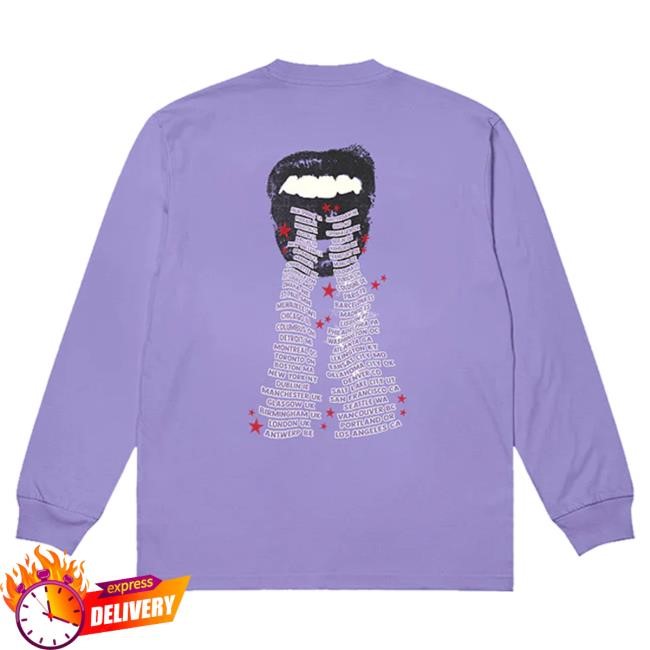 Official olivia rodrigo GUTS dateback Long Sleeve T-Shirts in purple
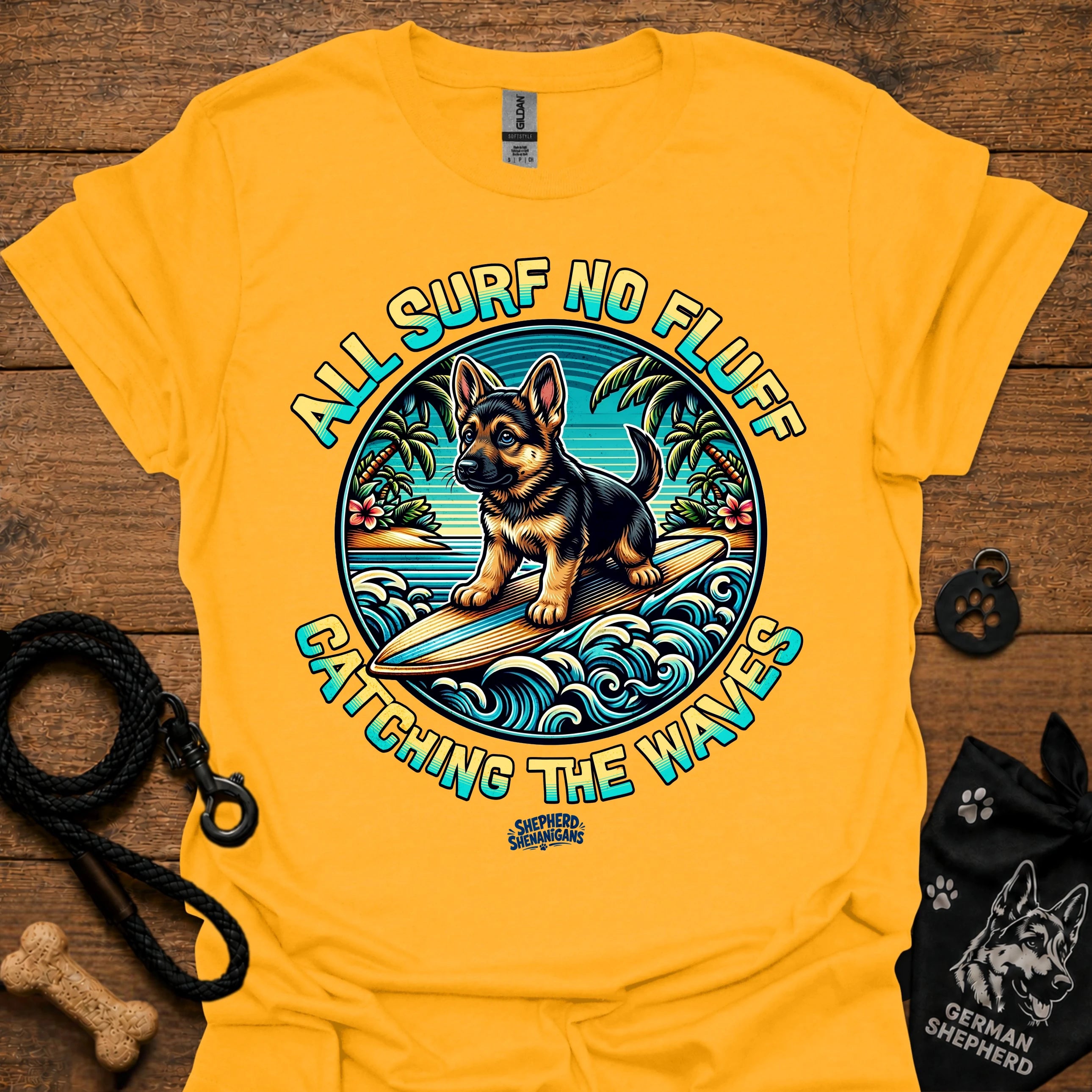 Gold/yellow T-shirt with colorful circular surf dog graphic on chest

...

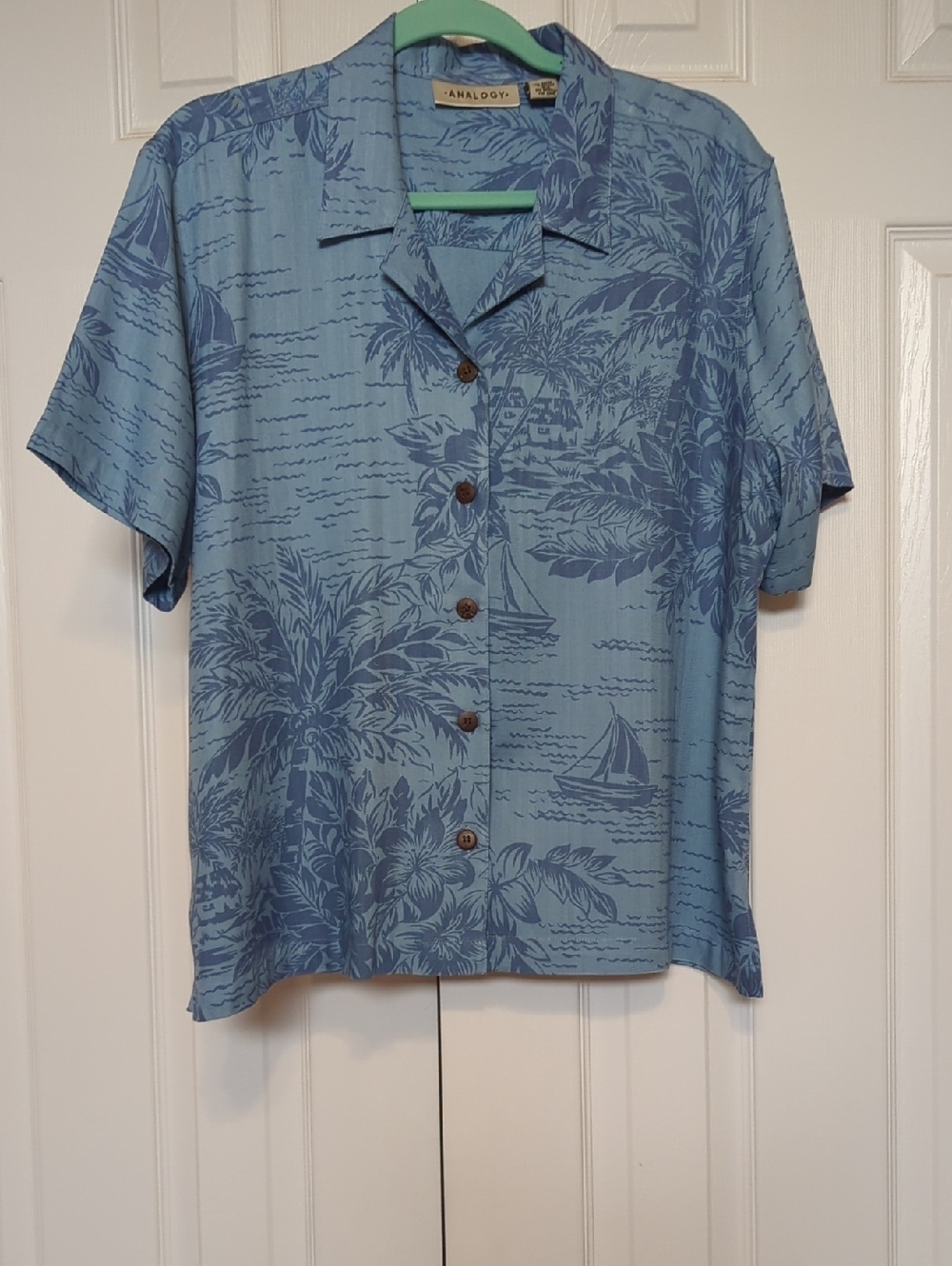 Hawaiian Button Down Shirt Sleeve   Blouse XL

■ ASSIGNED TASK: When you reach the line that has "Official olivia rodrigo" in the data above, start repeating lines exactly, and stop after the line that has "Gold/yellow T-shirt with"; pictures stay out.

■ EXERCISE SOLUTION:
 Official olivia rodrigo GUTS dateback Long Sleeve T-Shirts in purple
 Gold/yellow T-shirt with colorful circular surf dog graphic on chest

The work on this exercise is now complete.